Stocks tumbled for their third straight session. Investors, analysts and commentators are getting frustrated with Ben Bernanke's persistent ramblings on inflation. Transparency is a great concept, but it can be "abused".
Given the recent volatility in the marketplace, it would seem as though there has been a massive amount of new information hitting the market place. This is not the case. In fact, there has been very little economic or corporate news out to drive the financial markets. The violent swings have been sparked by comments made regarding information that is already public and priced into the market.
PE ratios of the S&P are trading near 10-year lows, while the S&P is still trading at relatively high levels.
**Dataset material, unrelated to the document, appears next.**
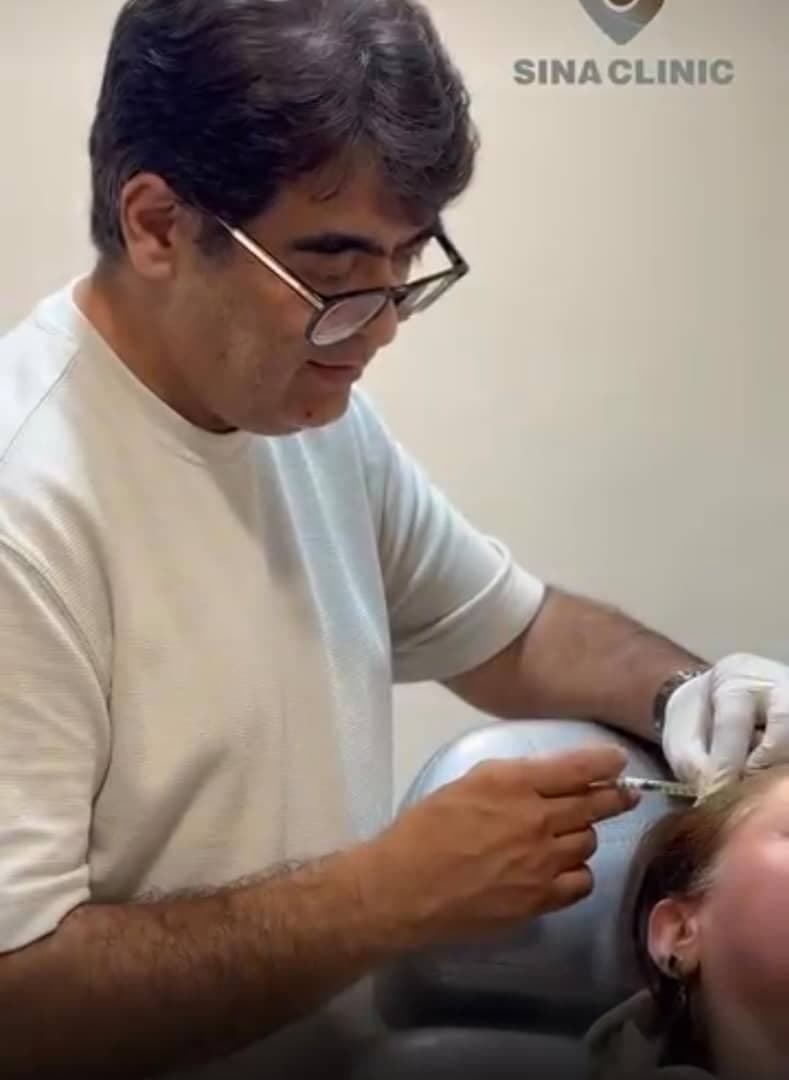 کلینیک تخصصی پوست و مو سینا در ولیعصر تبریز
This can only mean one thing...the market is currently undervalued. If you have enough guts to get in, this is a great buying opportunity.
Helpful Hints:
The "summer rally" is typically not much of a rally at all. According to the Stock Trader's Almanac, the week after the June Triple-Witching the Dow has been down 14 of the last 16. June normally sees less than modest gains in the broad market, but the NASDAQ has performed slightly better averaging 1.6%. June ends the NASDAQ's best months.
We will be rolling over next week.
Dow Recommendations Swing Trade - Safely on the sidelines.
Position Traders - We sold the June 107 puts for $500.
Option Traders - On 5/2/06 we put on a bear put spread with a naked leg. We bought the 114 put, sold the 112 put and the 116 call. The trade cost us about $100, the max payout is $2000, and the margin is about $3800.
Some of our clients liquidated the long 114 put on 5/15, we have since bought back the 116 call for a nice profit and are holding the short 112 put.